WHAT YOU HAVE TO DO:
Starting at the line that contains "ԱԺ խմբակցությունները ներկայացրել", please transcribe every line through the end of the entries, exactly and with no pictures.

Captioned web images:
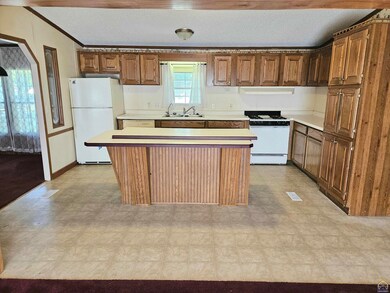 2222 SW 2nd St, Topeka, KS 66606 - photo 6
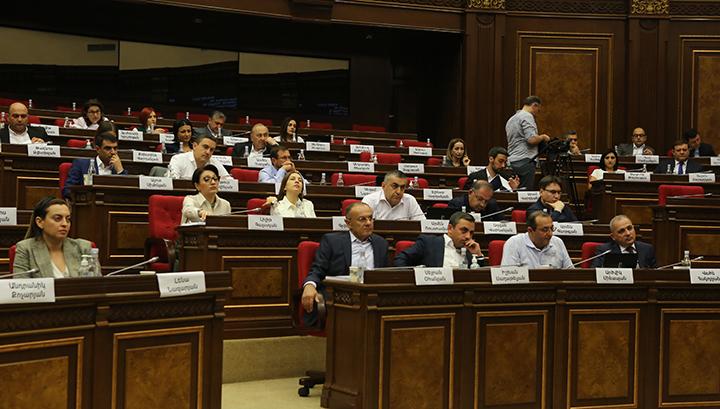 ԱԺ խմբակցությունները ներկայացրել են մշտական հանձնաժողովների փոխնախագահներ առաջադրելու իրենց որոշումները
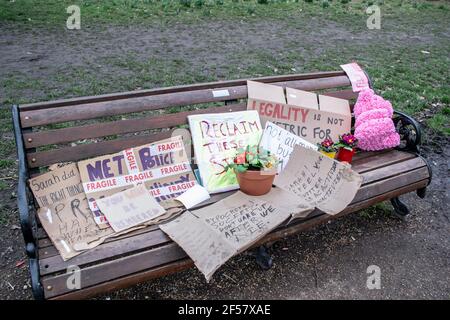 CLAPHAM, LONDRES, ANGLETERRE- 16 mars 2021 : fleurs et hommages sur un banc près de Clapham Common Bandstand, à la mémoire de Sarah Everard, assassinée b Banque D'Images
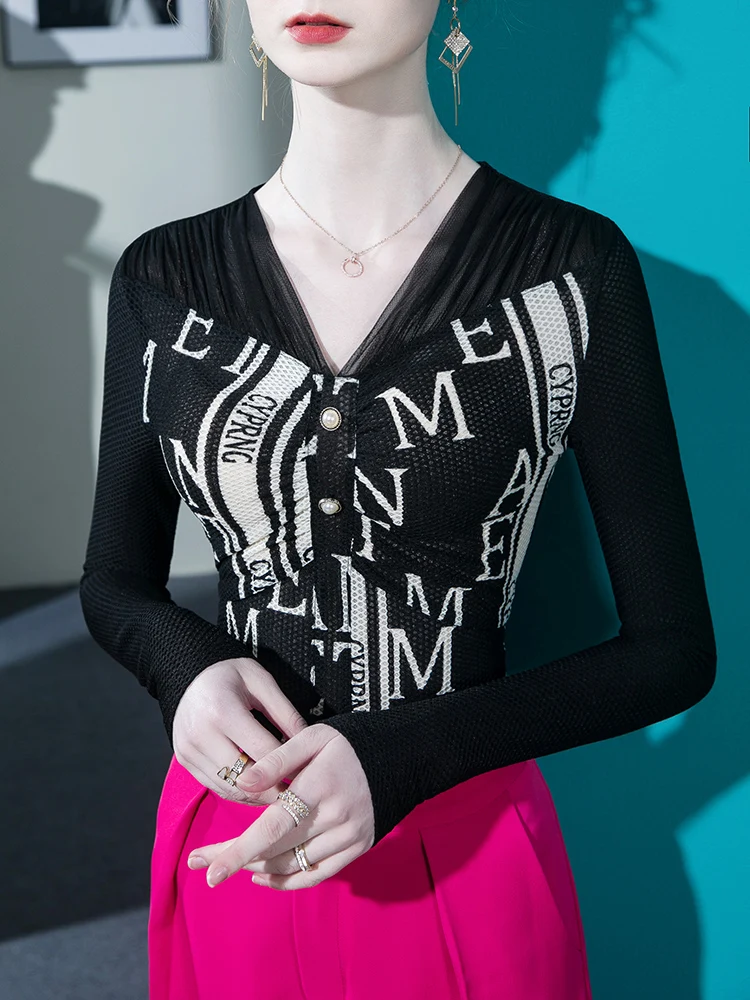 

Женская Сетчатая футболка с V-образным вырезом и длинным рукавом, новинка весны 2023, простроченная нижняя рубашка, кружевной топ с принтом, Y2k топы, корейские модные футболки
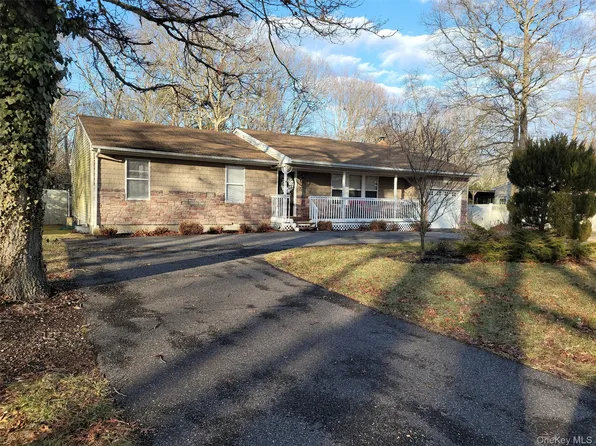 23 Jeanatta Avenue, Mastic, NY 11950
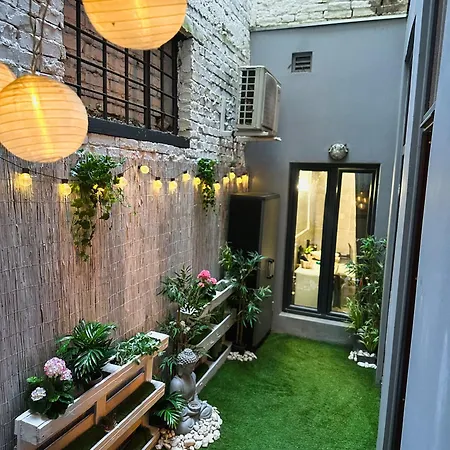 Apartment Urban With Private Garden Near Andrassy *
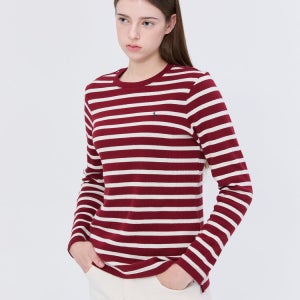 헤지스 레이디스 헤지스레이디스 헤지스 여성 24FW 스테디셀러면 버건디 스트라이프 로고자수 긴소매 티셔 WSTS4D020D3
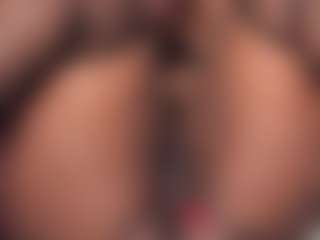 Live cam show with emiilyrosee - Squirt Curvy on sexylive.show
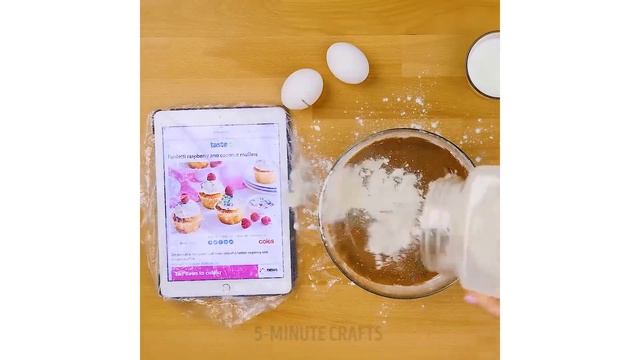 28 WEIRD LIFE HACKS THAT ARE ACTUALLY GENIUS смотреть онлайн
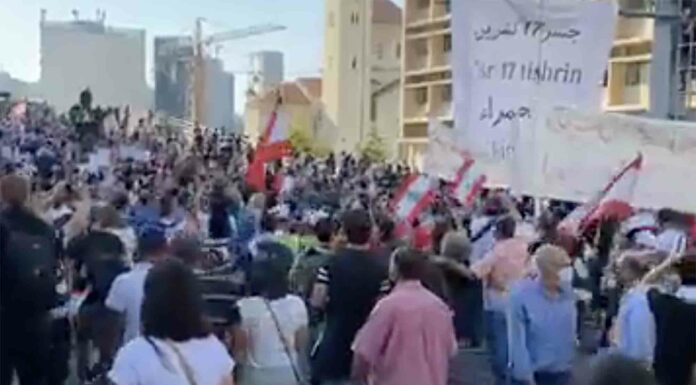 Rassemblement Place des Martyrs pour célébrer la première année de la "Révolution"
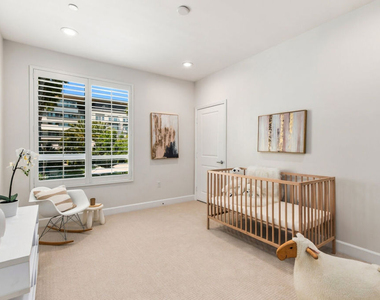 12550 W Fielding Circle - Photo Thumbnail 19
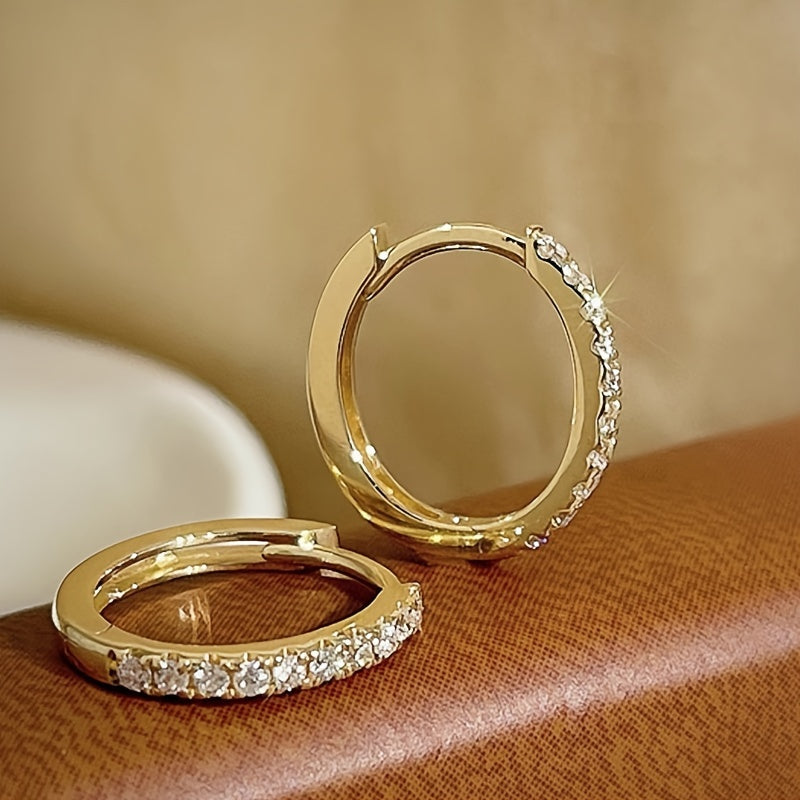 Minimalistische Kristall-Creolen aus Weissgold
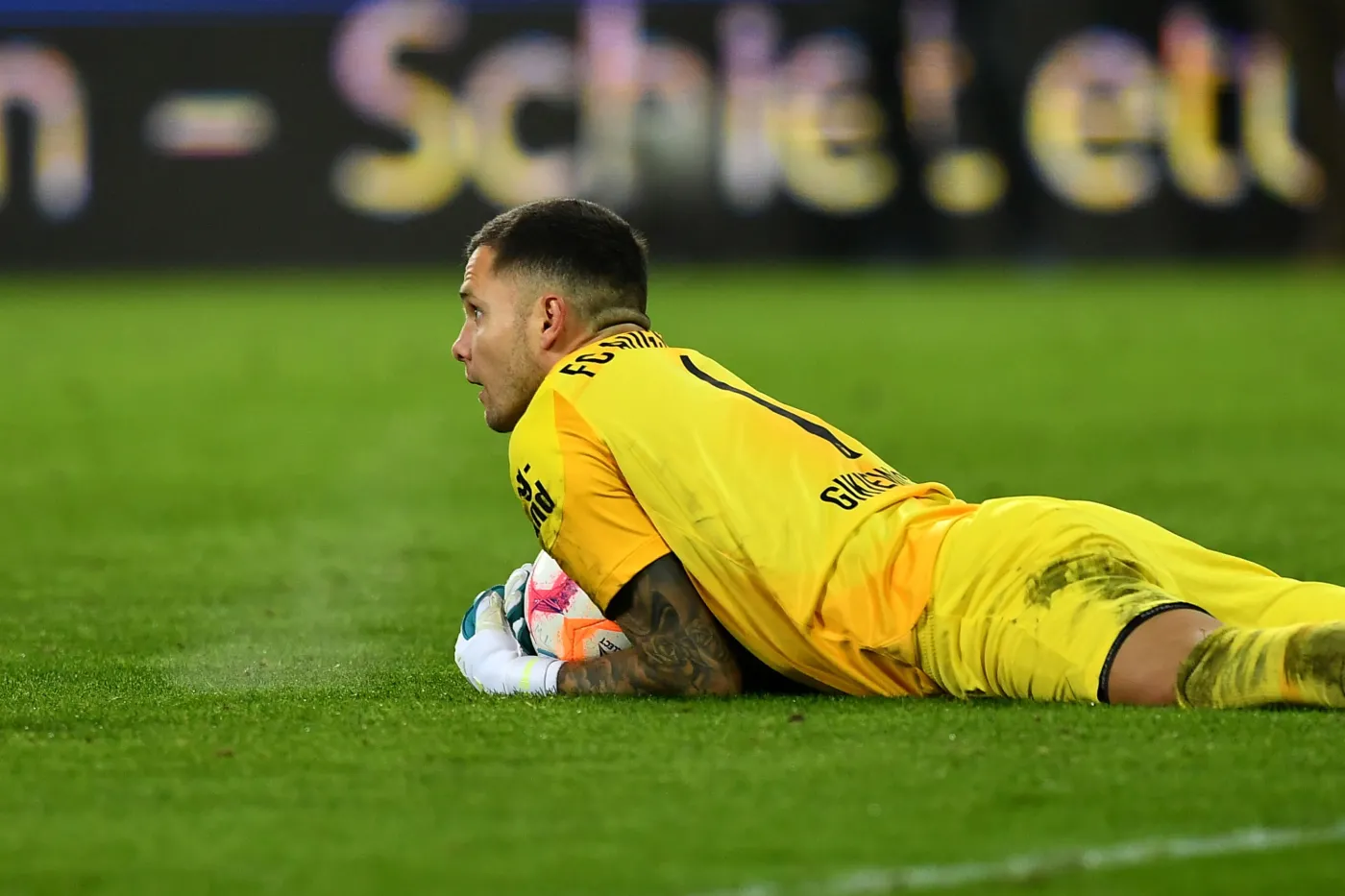 Rafał Gikiewicz z czystym kontem. Augsburg oddalił się od strefy spadkowej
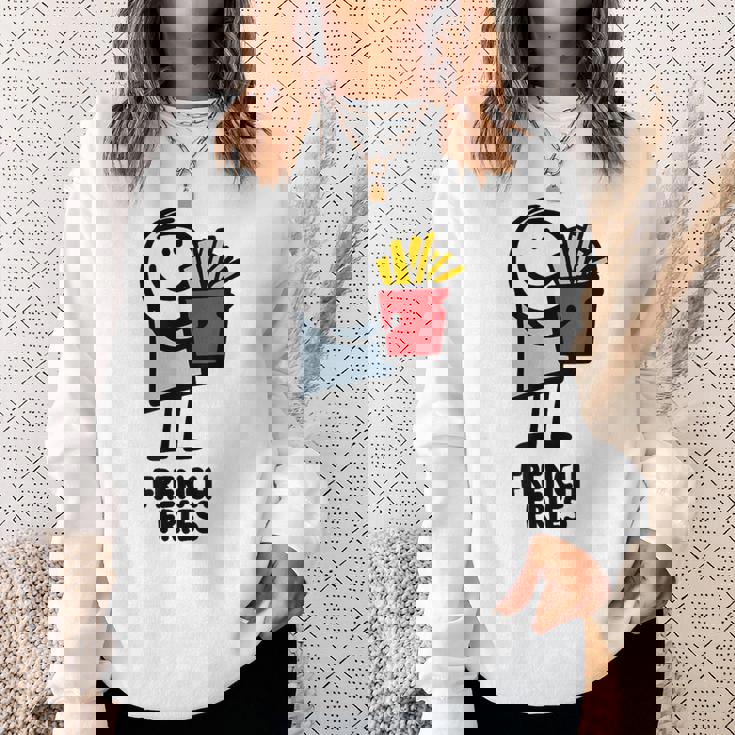 面白い漫画のキャラクターグラフィックが付いたクールでおいしいフライドポテト。 スウェットシャツ 彼女への贈り物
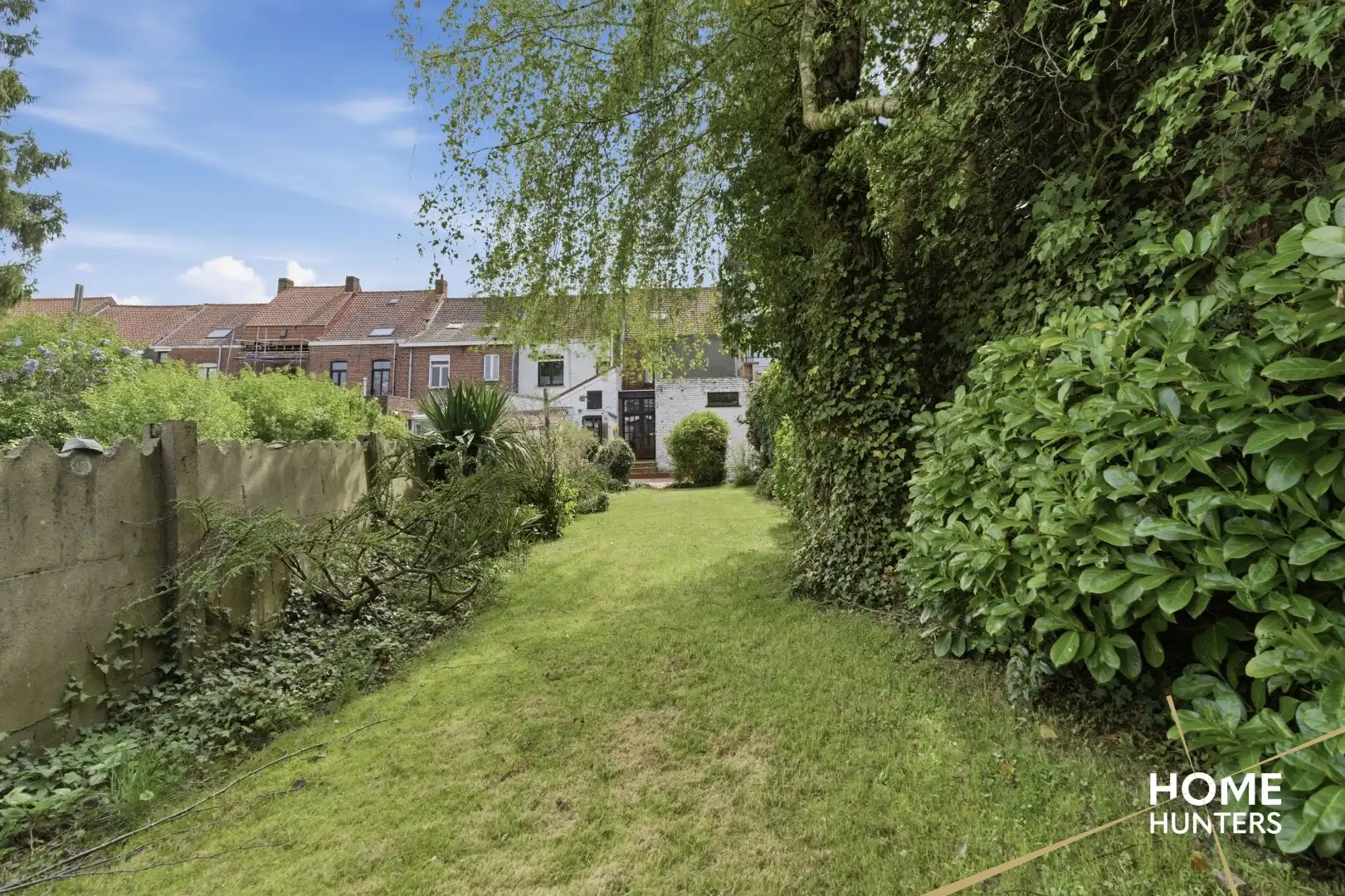 Karaktervolle te renoveren woning met 4 slaapkamers en ruime tuin te Ieper foto 24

OUTPUT FOR THIS TASK:
 ԱԺ խմբակցությունները ներկայացրել են մշտական հանձնաժողովների փոխնախագահներ առաջադրելու իրենց որոշումները
 CLAPHAM, LONDRES, ANGLETERRE- 16 mars 2021 : fleurs et hommages sur un banc près de Clapham Common Bandstand, à la mémoire de Sarah Everard, assassinée b Banque D'Images

Женская Сетчатая футболка с V-образным вырезом и длинным рукавом, новинка весны 2023, простроченная нижняя рубашка, кружевной топ с принтом, Y2k топы, корейские модные футболки
 23 Jeanatta Avenue, Mastic, NY 11950
 Apartment Urban With Private Garden Near Andrassy *
 헤지스 레이디스 헤지스레이디스 헤지스 여성 24FW 스테디셀러면 버건디 스트라이프 로고자수 긴소매 티셔 WSTS4D020D3
 Live cam show with emiilyrosee - Squirt Curvy on sexylive.show
 28 WEIRD LIFE HACKS THAT ARE ACTUALLY GENIUS смотреть онлайн
 Rassemblement Place des Martyrs pour célébrer la première année de la "Révolution"
 12550 W Fielding Circle - Photo Thumbnail 19
 Minimalistische Kristall-Creolen aus Weissgold
 Rafał Gikiewicz z czystym kontem. Augsburg oddalił się od strefy spadkowej
 面白い漫画のキャラクターグラフィックが付いたクールでおいしいフライドポテト。 スウェットシャツ 彼女への贈り物
 Karaktervolle te renoveren woning met 4 slaapkamers en ruime tuin te Ieper foto 24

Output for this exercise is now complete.